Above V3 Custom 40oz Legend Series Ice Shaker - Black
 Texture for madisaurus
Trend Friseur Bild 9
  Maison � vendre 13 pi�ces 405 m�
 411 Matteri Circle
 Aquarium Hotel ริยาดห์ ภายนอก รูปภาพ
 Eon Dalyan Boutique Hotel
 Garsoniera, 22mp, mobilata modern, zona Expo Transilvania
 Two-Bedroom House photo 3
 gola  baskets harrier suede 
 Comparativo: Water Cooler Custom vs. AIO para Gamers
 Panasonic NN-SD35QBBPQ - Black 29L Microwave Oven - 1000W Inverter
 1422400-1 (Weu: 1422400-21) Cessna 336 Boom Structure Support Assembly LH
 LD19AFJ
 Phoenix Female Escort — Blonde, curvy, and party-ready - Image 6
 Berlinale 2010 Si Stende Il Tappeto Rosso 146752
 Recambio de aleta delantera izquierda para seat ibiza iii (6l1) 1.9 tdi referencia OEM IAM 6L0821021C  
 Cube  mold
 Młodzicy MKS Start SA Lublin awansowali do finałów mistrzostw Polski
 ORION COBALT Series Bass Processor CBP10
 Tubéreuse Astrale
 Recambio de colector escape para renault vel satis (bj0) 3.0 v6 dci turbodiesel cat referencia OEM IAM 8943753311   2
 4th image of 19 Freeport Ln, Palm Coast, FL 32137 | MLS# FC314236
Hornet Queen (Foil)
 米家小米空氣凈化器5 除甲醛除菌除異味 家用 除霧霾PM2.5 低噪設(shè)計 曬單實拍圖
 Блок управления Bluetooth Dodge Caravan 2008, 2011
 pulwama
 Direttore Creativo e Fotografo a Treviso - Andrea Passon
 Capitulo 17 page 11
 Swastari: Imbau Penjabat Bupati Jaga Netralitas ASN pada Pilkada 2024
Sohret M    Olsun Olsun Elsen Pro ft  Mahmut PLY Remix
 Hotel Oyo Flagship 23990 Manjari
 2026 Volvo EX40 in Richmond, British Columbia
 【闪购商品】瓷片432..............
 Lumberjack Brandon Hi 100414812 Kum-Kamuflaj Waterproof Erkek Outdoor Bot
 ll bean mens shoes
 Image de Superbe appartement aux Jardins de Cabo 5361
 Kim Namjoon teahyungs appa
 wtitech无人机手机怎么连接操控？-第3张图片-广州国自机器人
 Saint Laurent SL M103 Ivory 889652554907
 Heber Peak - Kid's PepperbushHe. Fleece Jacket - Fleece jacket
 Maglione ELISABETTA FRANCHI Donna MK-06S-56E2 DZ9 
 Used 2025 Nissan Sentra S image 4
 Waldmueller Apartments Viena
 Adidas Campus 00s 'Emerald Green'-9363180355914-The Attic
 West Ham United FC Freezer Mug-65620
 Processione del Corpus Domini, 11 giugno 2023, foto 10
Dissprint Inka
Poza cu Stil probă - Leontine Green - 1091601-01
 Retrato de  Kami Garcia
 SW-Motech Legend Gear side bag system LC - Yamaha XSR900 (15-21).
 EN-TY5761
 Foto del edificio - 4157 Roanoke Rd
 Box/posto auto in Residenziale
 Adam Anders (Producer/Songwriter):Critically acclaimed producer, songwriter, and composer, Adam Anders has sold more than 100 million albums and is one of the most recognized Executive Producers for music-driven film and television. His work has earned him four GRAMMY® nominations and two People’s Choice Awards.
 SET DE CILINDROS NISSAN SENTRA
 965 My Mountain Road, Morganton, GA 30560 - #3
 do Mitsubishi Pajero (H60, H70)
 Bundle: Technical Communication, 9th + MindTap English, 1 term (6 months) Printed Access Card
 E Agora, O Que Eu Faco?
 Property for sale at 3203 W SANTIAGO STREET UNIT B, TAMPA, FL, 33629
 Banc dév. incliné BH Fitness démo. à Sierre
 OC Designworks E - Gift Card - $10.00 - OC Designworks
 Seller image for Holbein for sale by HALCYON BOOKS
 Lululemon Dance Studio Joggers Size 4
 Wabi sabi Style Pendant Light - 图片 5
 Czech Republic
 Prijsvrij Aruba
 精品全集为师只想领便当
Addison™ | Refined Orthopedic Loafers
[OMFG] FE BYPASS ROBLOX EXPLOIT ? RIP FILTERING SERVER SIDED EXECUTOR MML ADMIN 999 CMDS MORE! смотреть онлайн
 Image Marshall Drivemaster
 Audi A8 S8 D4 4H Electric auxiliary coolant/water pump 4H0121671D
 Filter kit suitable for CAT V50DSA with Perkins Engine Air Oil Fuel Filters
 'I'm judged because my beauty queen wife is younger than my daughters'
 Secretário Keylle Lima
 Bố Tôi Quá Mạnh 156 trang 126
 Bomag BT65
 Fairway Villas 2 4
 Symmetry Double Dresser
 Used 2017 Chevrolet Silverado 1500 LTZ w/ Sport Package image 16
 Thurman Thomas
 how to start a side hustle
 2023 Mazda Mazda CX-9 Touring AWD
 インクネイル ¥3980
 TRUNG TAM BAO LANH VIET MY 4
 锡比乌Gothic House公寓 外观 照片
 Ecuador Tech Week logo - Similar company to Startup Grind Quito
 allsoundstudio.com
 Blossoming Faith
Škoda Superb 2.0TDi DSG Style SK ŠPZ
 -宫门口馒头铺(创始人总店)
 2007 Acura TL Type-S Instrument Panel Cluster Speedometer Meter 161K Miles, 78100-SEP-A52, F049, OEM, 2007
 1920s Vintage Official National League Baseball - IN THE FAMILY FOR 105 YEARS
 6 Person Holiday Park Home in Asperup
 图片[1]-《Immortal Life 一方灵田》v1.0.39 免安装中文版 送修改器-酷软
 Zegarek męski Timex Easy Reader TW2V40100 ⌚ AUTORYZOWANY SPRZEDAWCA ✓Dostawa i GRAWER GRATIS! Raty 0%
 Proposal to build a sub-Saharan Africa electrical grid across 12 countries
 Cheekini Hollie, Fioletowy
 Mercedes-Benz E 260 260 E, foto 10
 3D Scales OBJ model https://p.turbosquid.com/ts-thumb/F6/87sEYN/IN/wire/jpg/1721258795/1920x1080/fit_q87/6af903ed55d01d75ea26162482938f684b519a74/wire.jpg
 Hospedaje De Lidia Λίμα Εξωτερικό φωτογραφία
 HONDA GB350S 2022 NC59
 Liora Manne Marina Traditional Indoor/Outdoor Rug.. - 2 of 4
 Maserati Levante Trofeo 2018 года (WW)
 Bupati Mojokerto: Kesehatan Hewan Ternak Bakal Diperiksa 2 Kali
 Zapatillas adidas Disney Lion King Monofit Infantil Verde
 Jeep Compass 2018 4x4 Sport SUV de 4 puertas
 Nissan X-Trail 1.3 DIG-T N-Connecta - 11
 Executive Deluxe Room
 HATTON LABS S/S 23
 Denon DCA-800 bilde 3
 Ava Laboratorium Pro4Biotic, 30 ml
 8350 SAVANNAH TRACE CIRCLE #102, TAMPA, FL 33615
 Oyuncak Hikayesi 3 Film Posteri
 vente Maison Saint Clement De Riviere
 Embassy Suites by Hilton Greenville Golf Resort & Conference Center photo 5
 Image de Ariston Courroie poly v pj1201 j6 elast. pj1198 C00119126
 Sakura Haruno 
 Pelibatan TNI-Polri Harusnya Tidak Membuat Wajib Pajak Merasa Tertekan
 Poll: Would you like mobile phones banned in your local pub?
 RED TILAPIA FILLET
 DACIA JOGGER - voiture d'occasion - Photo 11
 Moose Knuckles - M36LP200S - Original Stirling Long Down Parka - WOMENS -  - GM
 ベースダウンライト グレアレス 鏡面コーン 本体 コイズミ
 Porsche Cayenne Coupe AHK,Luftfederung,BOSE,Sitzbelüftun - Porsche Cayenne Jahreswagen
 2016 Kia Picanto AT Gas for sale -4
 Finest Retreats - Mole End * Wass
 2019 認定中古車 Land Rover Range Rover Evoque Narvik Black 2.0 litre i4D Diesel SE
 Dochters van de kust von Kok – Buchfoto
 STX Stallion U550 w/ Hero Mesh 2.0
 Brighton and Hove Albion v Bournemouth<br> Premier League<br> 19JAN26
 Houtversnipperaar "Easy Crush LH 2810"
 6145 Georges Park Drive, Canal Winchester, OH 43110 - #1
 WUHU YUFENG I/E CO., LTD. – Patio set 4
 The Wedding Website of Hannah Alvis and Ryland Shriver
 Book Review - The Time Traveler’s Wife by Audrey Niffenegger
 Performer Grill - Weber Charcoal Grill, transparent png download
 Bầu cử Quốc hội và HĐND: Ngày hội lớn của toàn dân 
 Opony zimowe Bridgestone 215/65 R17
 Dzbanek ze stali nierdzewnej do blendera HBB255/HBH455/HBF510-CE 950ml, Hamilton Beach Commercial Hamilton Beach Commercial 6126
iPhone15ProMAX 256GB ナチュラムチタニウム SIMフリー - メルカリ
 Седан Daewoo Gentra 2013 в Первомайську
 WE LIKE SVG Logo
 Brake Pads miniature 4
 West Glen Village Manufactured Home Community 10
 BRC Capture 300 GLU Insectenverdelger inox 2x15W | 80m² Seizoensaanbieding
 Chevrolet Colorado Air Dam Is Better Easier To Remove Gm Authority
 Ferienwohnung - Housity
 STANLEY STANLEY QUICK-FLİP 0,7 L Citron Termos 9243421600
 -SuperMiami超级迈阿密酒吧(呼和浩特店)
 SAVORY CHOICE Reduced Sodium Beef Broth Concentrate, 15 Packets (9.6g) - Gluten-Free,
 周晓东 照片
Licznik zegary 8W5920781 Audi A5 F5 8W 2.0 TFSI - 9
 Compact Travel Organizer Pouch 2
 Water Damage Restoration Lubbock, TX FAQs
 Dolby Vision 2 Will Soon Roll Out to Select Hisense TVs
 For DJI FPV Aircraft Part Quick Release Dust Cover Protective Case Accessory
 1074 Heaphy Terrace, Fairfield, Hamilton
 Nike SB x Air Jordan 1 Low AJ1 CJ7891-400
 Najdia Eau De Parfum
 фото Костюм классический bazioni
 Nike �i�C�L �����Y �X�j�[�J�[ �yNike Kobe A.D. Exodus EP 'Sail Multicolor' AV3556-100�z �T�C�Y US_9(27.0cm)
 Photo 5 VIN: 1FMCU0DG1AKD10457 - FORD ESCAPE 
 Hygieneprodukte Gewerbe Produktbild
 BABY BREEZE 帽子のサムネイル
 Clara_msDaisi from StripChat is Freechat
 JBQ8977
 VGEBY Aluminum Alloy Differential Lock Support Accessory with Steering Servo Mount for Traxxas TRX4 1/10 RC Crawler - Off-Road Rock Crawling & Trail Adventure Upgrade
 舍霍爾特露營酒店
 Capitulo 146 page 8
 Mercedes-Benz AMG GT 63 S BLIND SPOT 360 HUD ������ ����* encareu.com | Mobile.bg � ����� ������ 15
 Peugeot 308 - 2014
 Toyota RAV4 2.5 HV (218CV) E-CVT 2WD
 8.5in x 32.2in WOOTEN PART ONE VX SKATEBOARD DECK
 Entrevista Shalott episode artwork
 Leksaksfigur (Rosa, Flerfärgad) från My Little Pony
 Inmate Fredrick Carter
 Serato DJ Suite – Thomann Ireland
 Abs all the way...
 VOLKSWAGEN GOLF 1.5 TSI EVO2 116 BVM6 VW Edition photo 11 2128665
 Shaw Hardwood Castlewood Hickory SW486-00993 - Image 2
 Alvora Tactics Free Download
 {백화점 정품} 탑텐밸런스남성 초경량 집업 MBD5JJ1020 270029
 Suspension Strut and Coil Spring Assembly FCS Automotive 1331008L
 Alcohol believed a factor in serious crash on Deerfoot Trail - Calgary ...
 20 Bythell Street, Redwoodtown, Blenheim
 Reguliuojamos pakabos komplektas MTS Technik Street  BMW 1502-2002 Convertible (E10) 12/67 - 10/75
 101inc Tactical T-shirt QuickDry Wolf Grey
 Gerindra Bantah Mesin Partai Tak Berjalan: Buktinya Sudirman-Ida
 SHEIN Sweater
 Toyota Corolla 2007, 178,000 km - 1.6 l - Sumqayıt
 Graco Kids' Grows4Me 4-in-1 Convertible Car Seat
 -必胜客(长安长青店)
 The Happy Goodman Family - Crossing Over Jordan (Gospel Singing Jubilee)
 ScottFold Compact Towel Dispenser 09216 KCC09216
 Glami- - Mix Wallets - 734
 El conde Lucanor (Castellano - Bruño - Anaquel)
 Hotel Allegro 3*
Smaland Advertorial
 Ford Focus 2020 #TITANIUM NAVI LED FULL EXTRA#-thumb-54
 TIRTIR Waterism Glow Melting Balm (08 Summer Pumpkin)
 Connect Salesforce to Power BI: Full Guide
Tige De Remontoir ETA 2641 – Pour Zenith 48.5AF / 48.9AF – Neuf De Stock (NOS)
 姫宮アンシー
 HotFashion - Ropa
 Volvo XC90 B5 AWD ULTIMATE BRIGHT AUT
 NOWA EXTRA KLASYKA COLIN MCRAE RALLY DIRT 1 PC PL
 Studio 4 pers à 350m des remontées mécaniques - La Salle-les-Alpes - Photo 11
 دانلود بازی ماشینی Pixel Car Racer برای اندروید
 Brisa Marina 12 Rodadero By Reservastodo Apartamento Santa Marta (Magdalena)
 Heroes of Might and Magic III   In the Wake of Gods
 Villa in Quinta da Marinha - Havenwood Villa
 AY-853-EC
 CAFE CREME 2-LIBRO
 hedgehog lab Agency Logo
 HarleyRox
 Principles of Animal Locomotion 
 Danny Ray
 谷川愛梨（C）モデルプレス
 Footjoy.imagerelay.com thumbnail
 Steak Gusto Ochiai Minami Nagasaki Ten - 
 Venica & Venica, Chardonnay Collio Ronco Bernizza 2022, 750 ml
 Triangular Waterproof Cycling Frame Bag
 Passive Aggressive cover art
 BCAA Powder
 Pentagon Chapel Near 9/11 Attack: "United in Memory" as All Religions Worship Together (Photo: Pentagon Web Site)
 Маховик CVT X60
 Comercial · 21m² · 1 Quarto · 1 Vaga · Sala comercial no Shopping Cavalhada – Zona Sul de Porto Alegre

> **Assignment**: Reproduce exactly the stretch of the material above that starts at the line with "wtitech无人机手机怎么连接操控？-第3张图片-广州国自机器人" and ends at the line with "Box/posto auto in Residenziale", both included, and nothing else.

> **Your response**:
 wtitech无人机手机怎么连接操控？-第3张图片-广州国自机器人
 Saint Laurent SL M103 Ivory 889652554907
 Heber Peak - Kid's PepperbushHe. Fleece Jacket - Fleece jacket
 Maglione ELISABETTA FRANCHI Donna MK-06S-56E2 DZ9 
 Used 2025 Nissan Sentra S image 4
 Waldmueller Apartments Viena
 Adidas Campus 00s 'Emerald Green'-9363180355914-The Attic
 West Ham United FC Freezer Mug-65620
 Processione del Corpus Domini, 11 giugno 2023, foto 10
Dissprint Inka
Poza cu Stil probă - Leontine Green - 1091601-01
 Retrato de  Kami Garcia
 SW-Motech Legend Gear side bag system LC - Yamaha XSR900 (15-21).
 EN-TY5761
 Foto del edificio - 4157 Roanoke Rd
 Box/posto auto in Residenziale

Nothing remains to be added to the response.